A few weeks ago I came across an issue involving a Workflow Join Activity and some confusion around what it does and how it works. There is a little bit of documentation on the wiki but it still left some questions unanswered.
The purpose of the Join Activity is to combine two or more paths of execution after they have branched out. This serves the purpose of ensuring that subsequent activities will not get run multiple times with unexpected results.
A Join activity will always wait for all active paths of execution to reach it before proceeding.
The difference between the Complete and Incomplete outputs comes down to whether or not all possible paths of execution have completed. For example, if there is a split to have two simultaneous tasks on parallel paths then after both tasks have completed the Join will finish with Complete.
To contrast that, when there is an if statement, only one path will ever actually get executed so the Join will always exit as Incomplete.
Hopefully that clarifies things a bit for you; it certainly helped me to review how it worked.
The statement “A Join activity will always wait for all active paths of execution to reach it before proceeding” is not entirely true. In fact, a Join activity will also wait for all active activities to complete as well, even if they are not in the actual branch-join path.
This was a head scratcher for us a few months back, so I thought I would share so others are aware.
I’m not sure I quite follow what you’re getting at. I’ve had paths that went around Joins and the Join waits only for those activities that have transitions that lead into it.
That’s a very powerful concept, I like that a lot! you can set up some very complex workflows with that. that’s for sharing James.
Cheers Martin
So in the case of an if statement with two POTENTIAL paths before the join, will the join return Incomplete after all active paths have terminated? I ask because I have a stakeholder that wants to manually launch 1 – 5 tasks at the end of a workflow. I only want to end the workflow when all of the 1-5 tasks are closed, but the number will never be consistent.

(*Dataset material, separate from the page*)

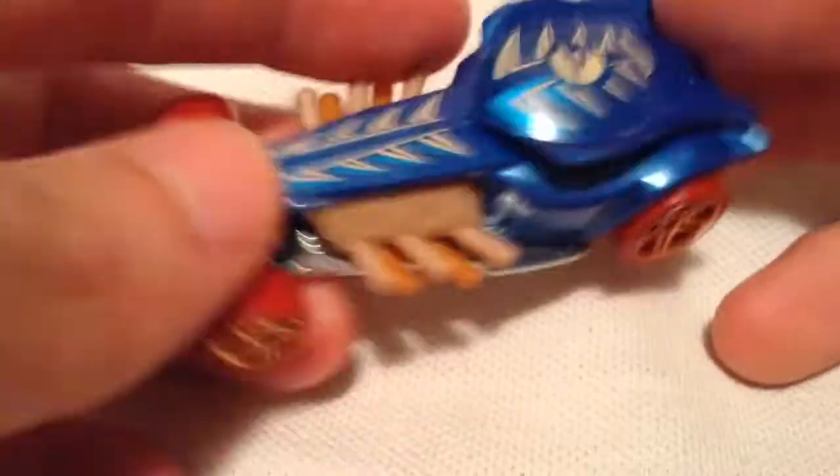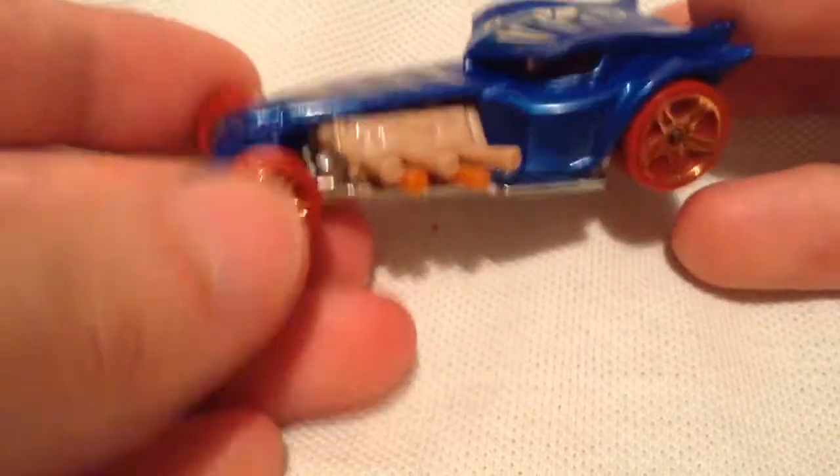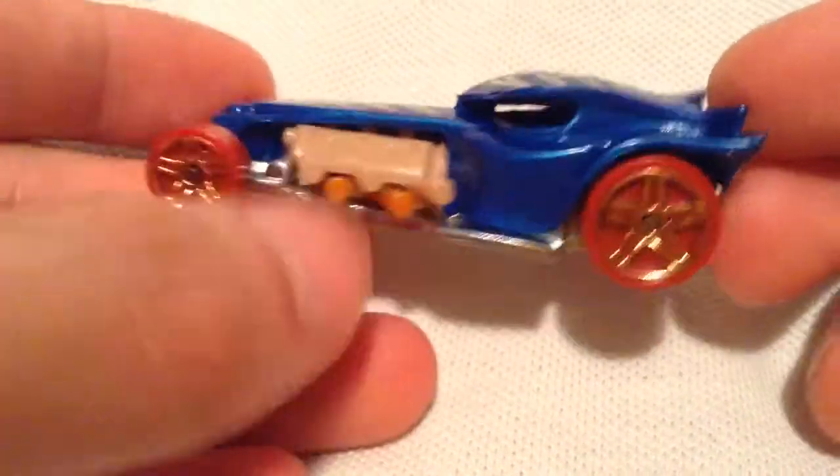Pretty cool design. I think this used to be called a Bad Ratitude — I could be wrong — but now it's called the Radical Racer. Got a lot of exhaust pipes. Pretty cool engine there.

Yes, that’s exactly how it works. With the scenario of 1-5 paths, if there are 5 total potential paths and all 5 get executed then the Join would exit as Complete after they were all done. If 1-4 paths are executed then when all the activities that needed to run have completed the Join will exit as Incomplete.
In almost all cases you’re going to want to have both output lines going into the same activity afterwards. The only reason they would go to separate activities is if you wanted to differentiate between some or all of the potential paths of execution.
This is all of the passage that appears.